In a new study published in Nature titled, “Mapping convergent regulators of melanoma drug resistance by PerturbFate,” researchers from The Rockefeller University have developed a platform called PerturbFate that can systematically map how diverse disease-associated genetic variations reshape cells. By tracking gene regulation in single cells over time, the team identified regulatory nodes common to diverse variations. Using melanoma drug resistance as a proof-of-concept, results showed that these shared points of control offer a path toward combination therapies that can target disease across many genetic causes.
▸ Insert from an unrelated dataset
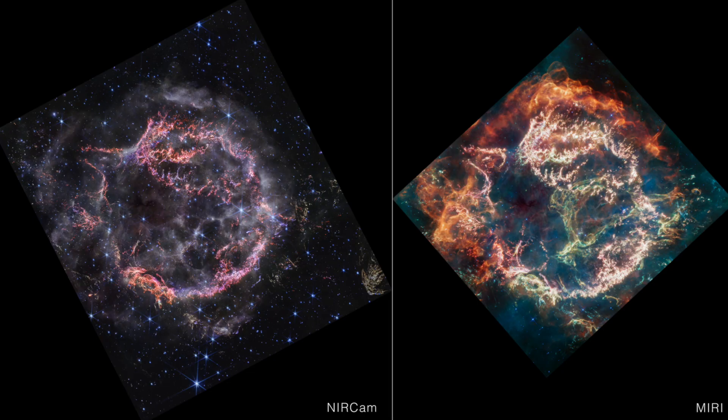Up next, we've got James Webb's newest look at a supernova remnant — even more beautiful. It's amazing how much difference there is between the near-infrared and mid-infrared return cameras that it has, both in detail and in dust recognition.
“Once you know that a disease is associated with hundreds of genes, how do you design one therapy to target it?” posed Junyue Cao, PhD, head of the Laboratory of Single-Cell Genomics and Population Dynamics at Rockefeller. “We wondered whether all these different genes may be mediated by some shared downstream signaling that we can discover and target instead.”
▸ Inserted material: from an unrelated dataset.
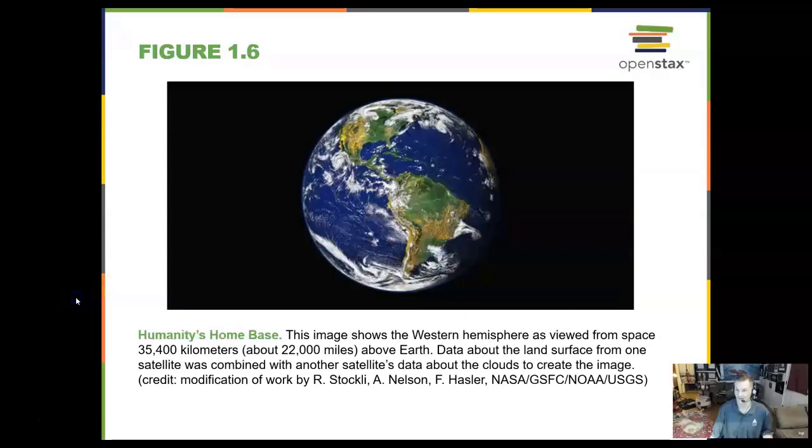Here is our home planet, what astronomer Carl Sagan termed the pale blue dot — humanity's home base. This image is taken from 22,000 miles away from the surface from a geostationary satellite. This is where we put our communication satellites, TV broadcast satellites, and weather satellites, because they appear to go above the same point of the Earth as it rotates, staying above the right place with a period of about 24 hours.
Advances in genomic sequencing and genetic screening have allowed researchers to identify hundreds of genetic mutations linked to disease. Yet these genes often span diverse pathways with broad functionalities, from gene regulation to cell signaling, making them difficult to target collectively.
Cao proposed that if these mutations converge on shared downstream programs, the key challenge is not to target each mutation individually, but to identify the common control points known as regulatory nodes.
PerturbFate allows researchers to observe how different genetic changes reshape a cell in real time by tracking DNA accessibility, and RNA production and processing. By capturing these changes in the same single cell, the system reveals the networks of genes that control cell behavior and how different genetic variations can have the same effect.
“This technology lets us perturb hundreds to thousands of genes in parallel and then measure the detailed molecular changes in each individual cell,” says Cao. “That allows us to link many different genetic perturbations to their downstream effects and identify regulatory nodes.”
To test the platform, the authors focused on melanoma drug resistance. Using PerturbFate, they selected 143 genes linked to resistance to the common melanoma drug, Vemurafenib. PerturbFate then tracked how deactivating each of these genes reshaped the cell. Cao explains the platform captures gene expression, RNA dynamics and chromatin state, all critical components when identifying upstream regulators that drive these disease states.
After analyzing more than 300,000 cells, the researchers found that diverse genetic perturbations pushed melanoma cells into the same drug-resistant state. Drug resistance dropped significantly when these common control points were targeted, pointing to a promising strategy for combination therapies.
The platform also revealed an important nuance involving the transcriptional coactivator, Mediator Complex. Disrupting different parts of this same complex could trigger drug resistance through routes that ultimately converged on the same survival signal in melanoma cells, called VEGFC. Resistant cells could no longer proliferate after blocking that signal.
The team has made both the experimental and computational tools behind PerturbFate openly available, and plans to extend the approach from cultured cells to living systems. Cao and colleagues are currently applying PerturbFate to conditions, such as aging and Alzheimer’s disease, to uncover shared vulnerabilities that can guide more effective treatments.
“This is just a starting point,” says Cao. “Now that we’ve demonstrated the approach in a simple model, we’re working to extend it into living systems to study even more complex diseases.”